Graham had seen it all. He came of age in the Roaring 20s, lived through the Great Depression, survived war, and then felt the rev of America’s economic engine before watching its counterculture emerge. But Graham rarely talked about the many changes he’d witnessed. Instead, he spoke to Joe about the fundamental truths he’d seen endure through all the turmoil. Fundamentals of life, and fundamentals of finance.
And there – from the back of a boat that rarely left dock – Joe learned how to keep himself and his clients in calm financial waters even as storms swirled overhead.
Fast-forward to the turn of the next century. Investors and their advisors were riding high on the flimsy skin of a turgid tech bubble. But Joe, already 15 years into a successful career as the founder of Avanti Wealth Management, was on the hot seat. He was being called a dinosaur for clinging to the ideals of diversified portfolios and holistic financial planning when tech stocks were rewriting the rules of market performance. ”Asset Allocation is Dead” screamed the headlines in the trade journals. Joe’s clients were asking him point-blank why he wasn’t putting all their financial eggs into this magical new dot-com basket.
“I almost gave in,” says Joe, but he kept hearing Graham’s lessons ring in his ears.
A few months later, Joe looked like the smartest sailor at the dock.
Since 1986, Avanti Wealth Management has put these same fundamental, powerful investment and estate planning strategies to work for its clients. As a Registered Investment Advisor, Avanti Wealth Management operates with a fiduciary responsibility to put its clients’ well-being and goals above the interests of the firm itself, which is why Joe invests his time to get to know each client personally before he begins investing their dollars.

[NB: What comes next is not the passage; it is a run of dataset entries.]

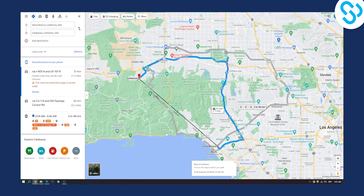So yeah, that's basically how to find halfway point on Google Maps. If you have any questions or comments regarding this, comment down below and we'll see you in the next video. Thank you guys for watching.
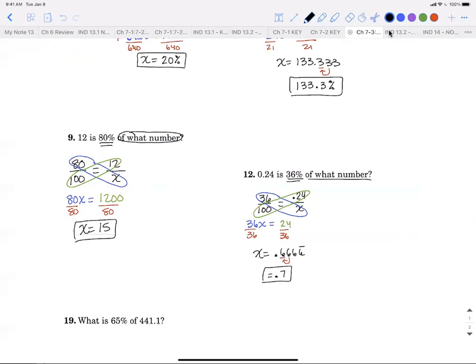My teacher taught me this equation and explained the part-over-whole concept, but when you're given the sentence, 'part' and 'whole' aren't in it — 'is' and 'of' always are. So if you know 'is over of,' you don't have to think hard about which is the part and which is the whole. For example, if an item costs $50 and is 20% off, ask yourself: what is 20% off of 50? You've got your 'is,' 'of,' and percentage.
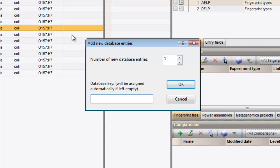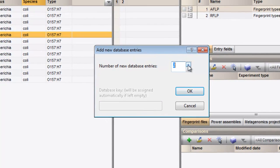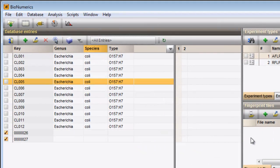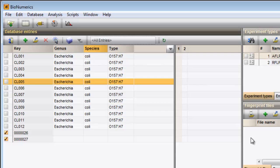As an example, I will create two new entries in my database. The entries are added to the Database Entries panel. Bionumerics has automatically assigned a unique key to each new entry.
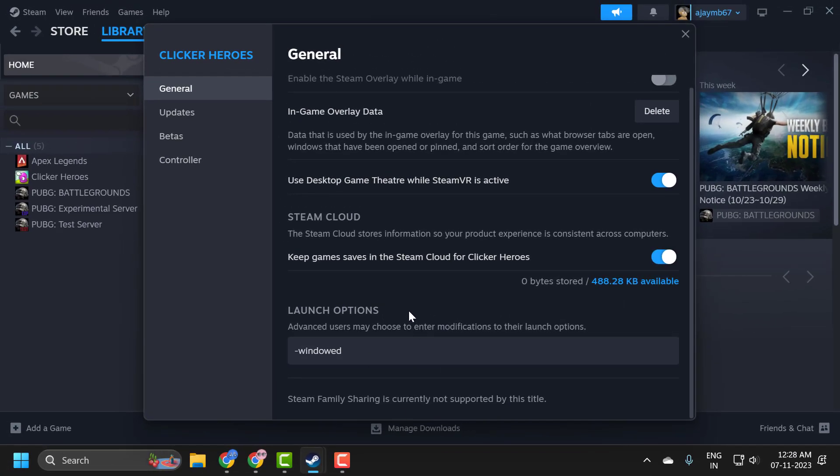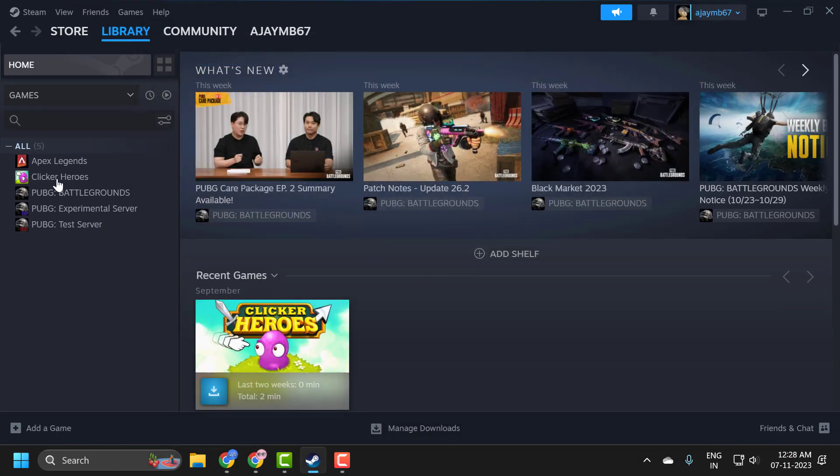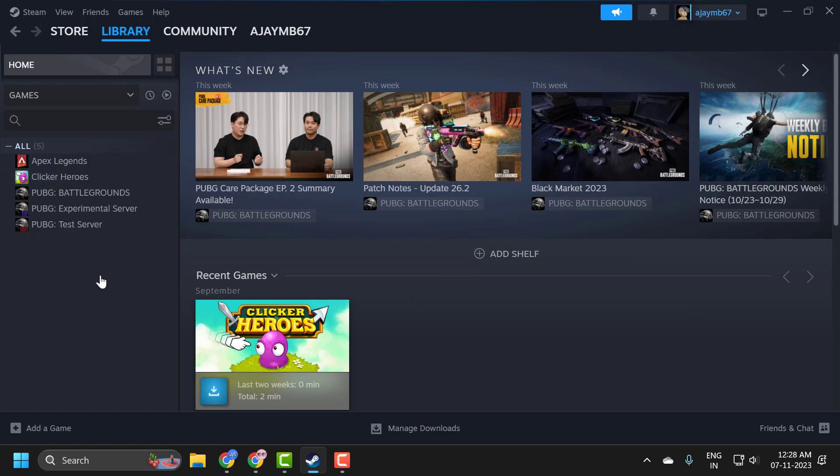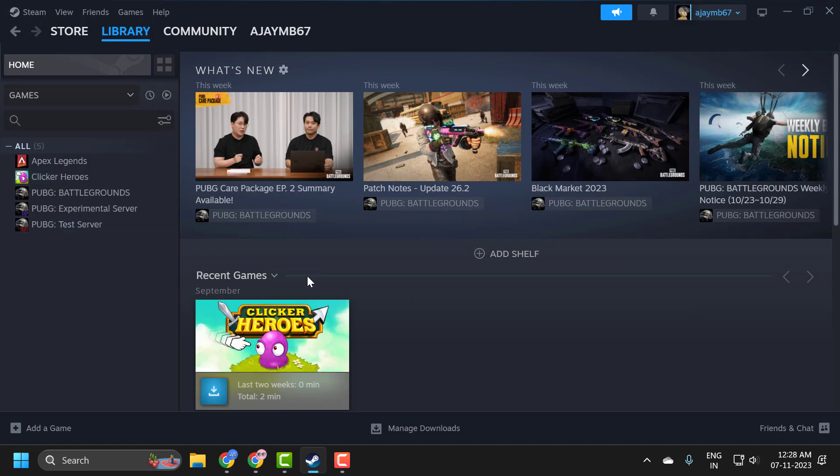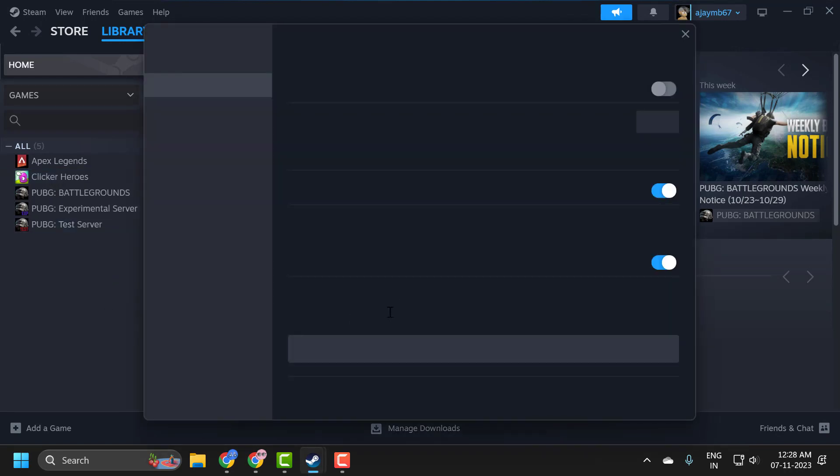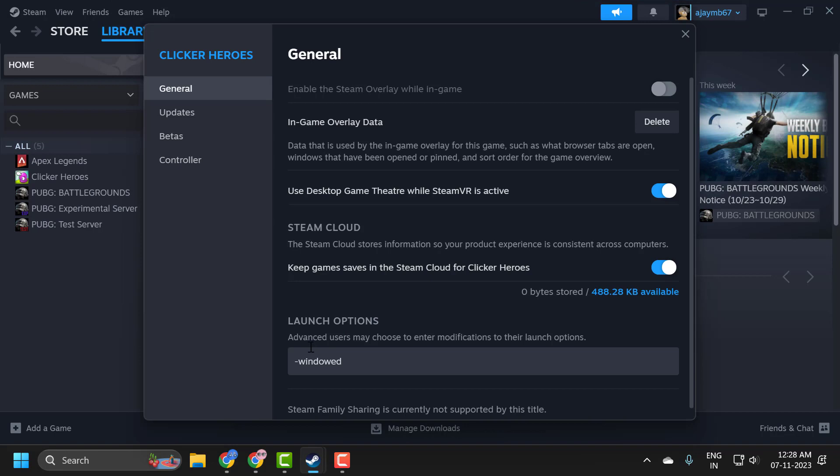After typing it, just click outside and that will be saved. For checking that it has been saved or not, you just need to open properties again and you can see that it has been changed.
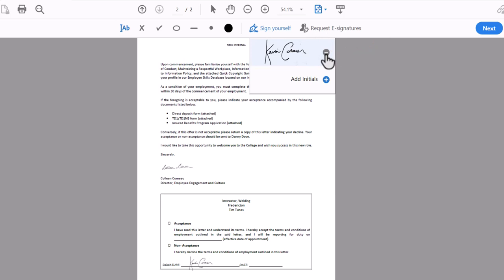So this concludes the tutorial on setting up your digital e-signature in Adobe Acrobat Reader at the New Brunswick Community College.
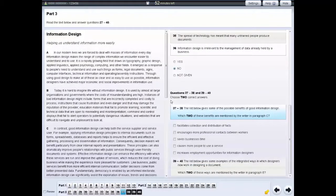For some questions, you need to choose more than one answer. If you want to change any of your answers, click on the answer you want to change and then click on your new answer. If you want to leave any of the questions unanswered, click on the answer again.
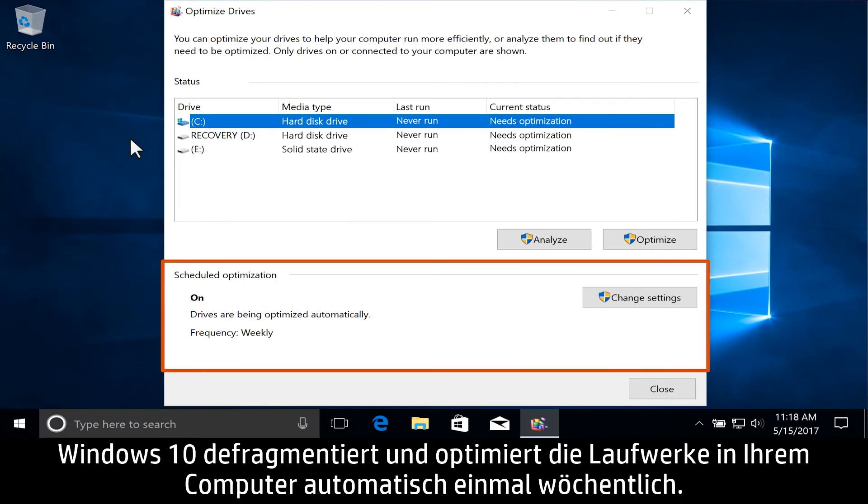Windows 10 defragments and optimizes the drives in your computer automatically on a weekly schedule.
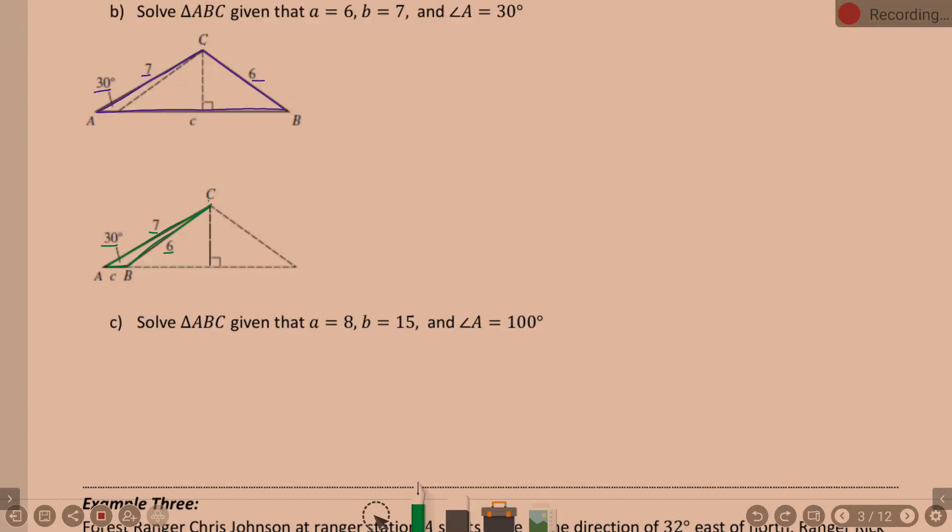Picking up where we left off yesterday, we're talking about the example that has two triangles. Remember, this situation happened because the given angle A is acute, and the side across from the given angle is smaller than the other given side. In that situation, you could have one typical triangle, or this side of 6 could swing under and make a very tiny triangle.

“Investing was a passion and a hobby for me, and I turned it into a career because I discovered I could use these skills to really help people,” says Joe. “My parents and I would come home from the boat dock to our immigrant Italian neighborhood on Long Island, and everyone around us was ‘family.’ Our friends, our neighbors, the people we did business with. We all took care of each other. We all helped each other, and that’s what I do now. I take care of my clients like they’re an extension of my family.”
Joe’s consultations usually begin with a few simple but stunningly powerful questions: What’s working? What’s not? What would you like to be different? Often, clients are well into their answers before the topic turns to dollars and cents, but those insights are the moorings to which Joe ties his financial plans.
“Wealth management is a process, not a product,” Joe says. “Sure, it’s investments, savings, Social Security, but it’s also about family, relationships, dreams, and realistic goals.”
Graham, as it turns out, was right all along. As different as the world can seem from one decade to the next, as varied as the portfolios of a billionaire and a working-class family can appear, there are immutable truths flowing through them all. Advisors need only know where and how to look. At Avanti Wealth Management, Joe and his team stand constant watch, always with their eyes on the promising horizon ahead.